The result has been that a very large proportion of the artists of this period of our history have been compelled to endure far more than the traditionary hardships of the profession. They have been obliged to devote some of the best years of their lives to trade, and have not been able to take up art until late. To accuse American artists, as a class, of being mercenary – a charge made quite too often – is really something akin to irony, so much more successful pecuniarily would the majority of them have been in mercantile pursuits. The heroism of our early painters, struggling, in obscure corners of the country, for opportunities to express their yearning after the ideal, without instruction, without art-influences, meeting little or no sympathy or encouragement, and in spite of these obstacles often achieving a respectable degree of excellence, is one of the most interesting, instructive, and sublime episodes in the history of art.
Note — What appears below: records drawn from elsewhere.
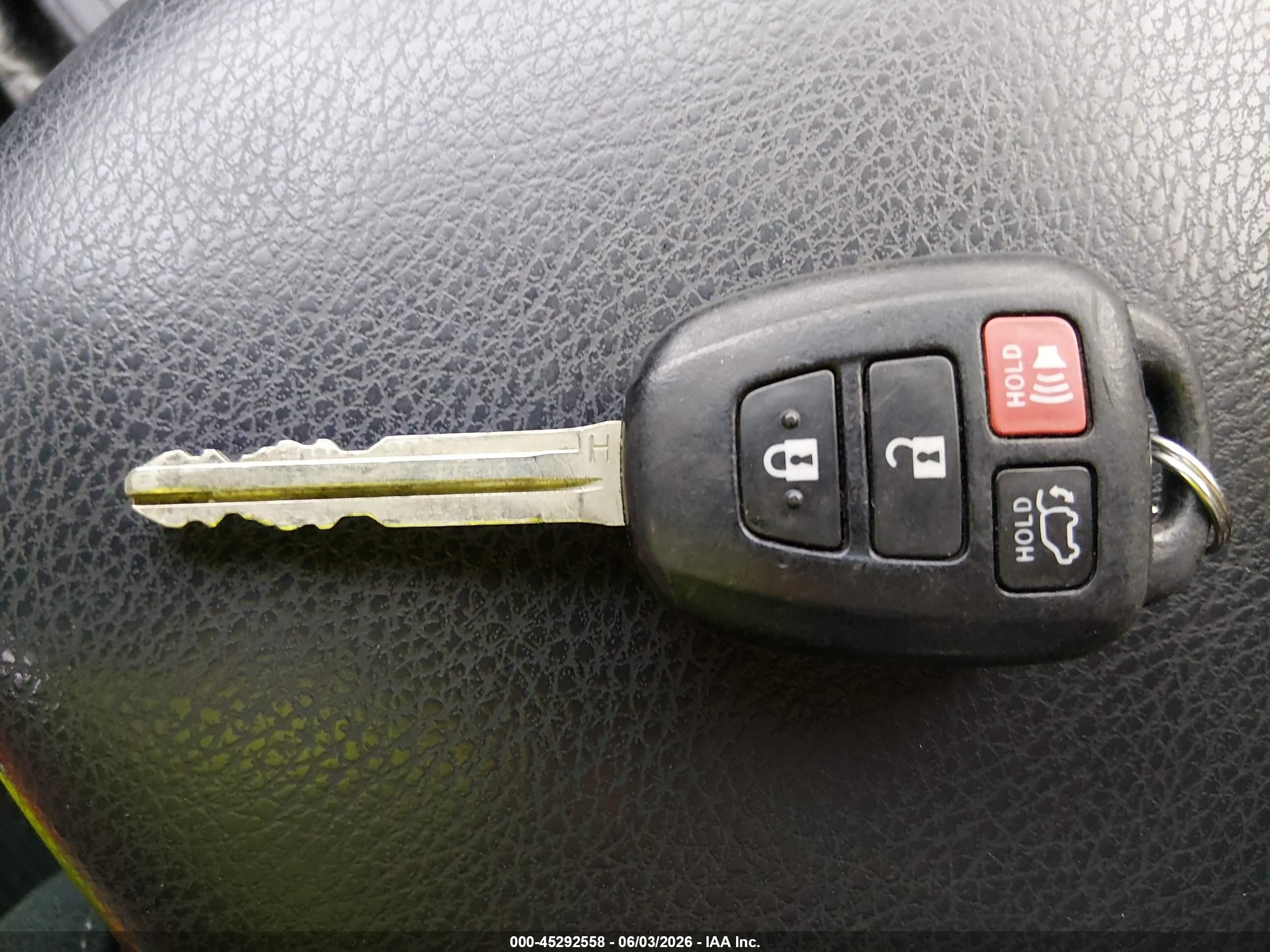2015 Toyota Rav4 Xle Silver vin: JTMRFREV0FD132384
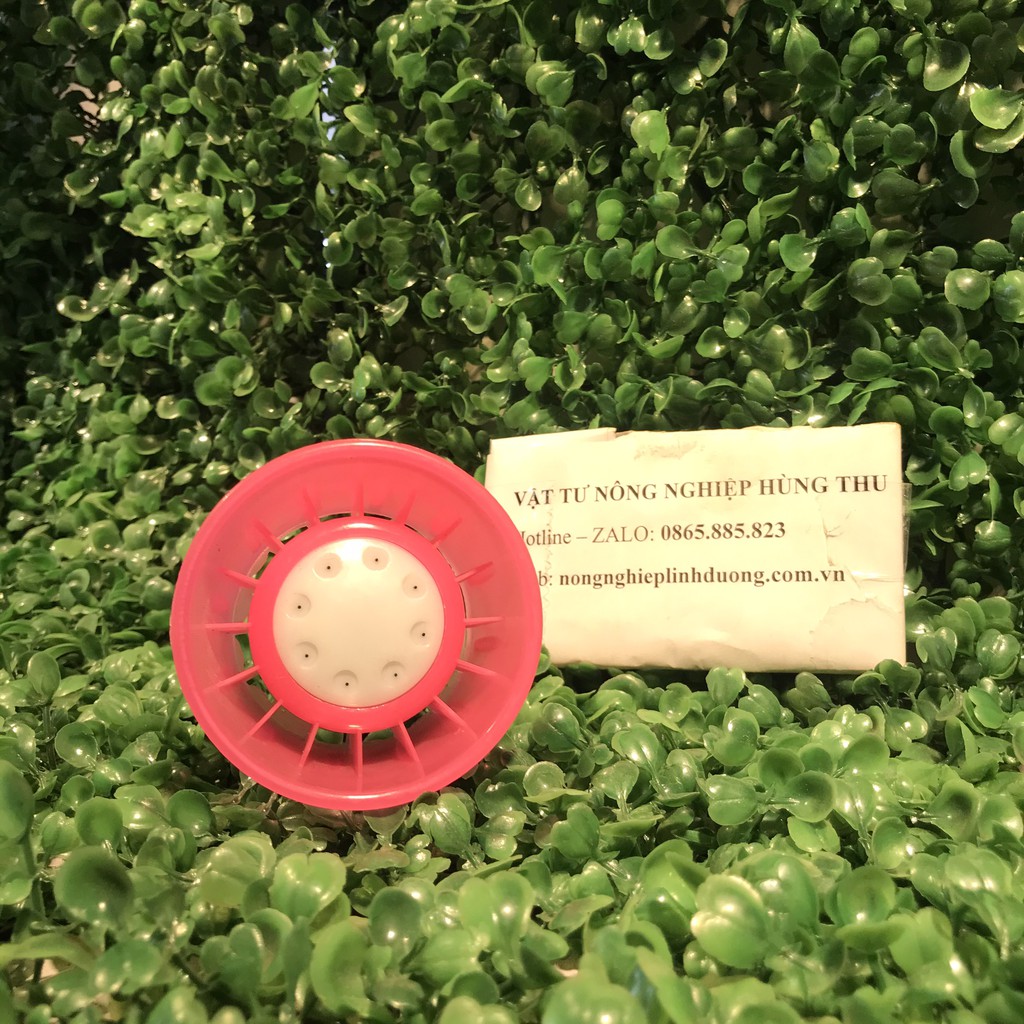 Doa Nhựa Tưới Cây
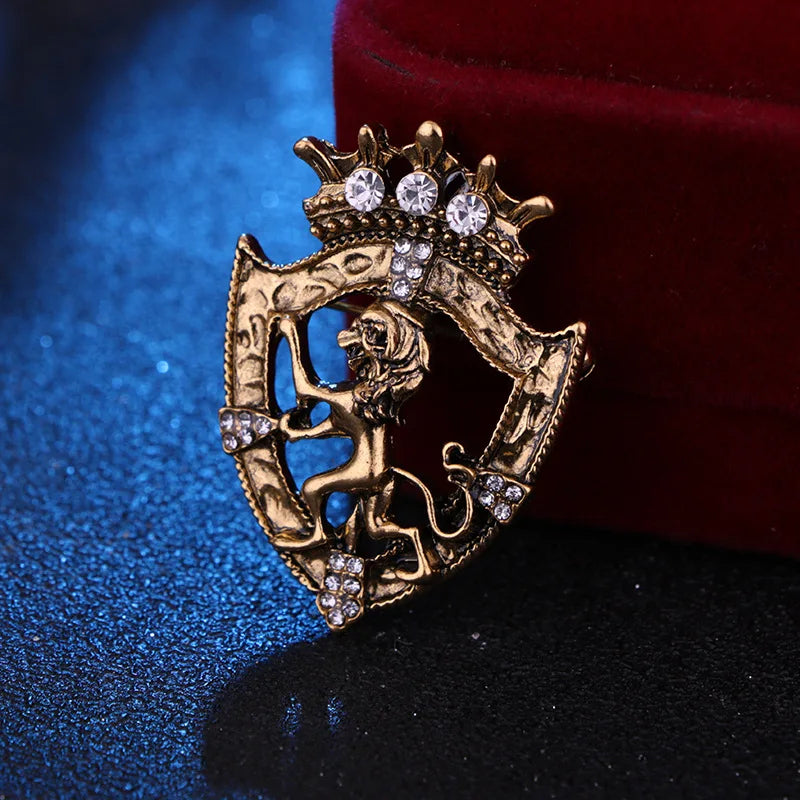 Decorative lion crown brooch with crystal design luxury accessory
Growing out of this hesitating condition of our early art may be discerned a secondary cause, which occurred in so many cases as to be justly considered one of the forces which formed the careful, minute, painstaking style of much of our landscape art. We refer to the fact that many of the best of our early painters were first engravers on wood and steel. This gave them a minute, formal, and precise method of treatment, which led them to look at details rather than breadth of effect.
When we turn to the influences from abroad which stimulated American art during this period, we find that, while they fostered the growth of a certain æsthetic feeling, they at the same time instilled conventional methods and principles that deferred the development of a higher kind of art. It is greatly to be regretted that, notwithstanding the friendly relations between the United States and France, our art, when it was first looking to Europe for direction, should not have come in contact with that of France, which at that time, led by Gericault, Rousseau, Troyon, Delacroix, and other rising men, was becoming the greatest pictorial school since the Renaissance. But Italian art at that time was sunk to the lowest depths of conventionalism; while the good in the English art of the time was represented less by a school than by a few individuals of genius – Turner, Wilkie, Constable – who were so original that they failed to attract students whose first art ideas had been obtained in Italy.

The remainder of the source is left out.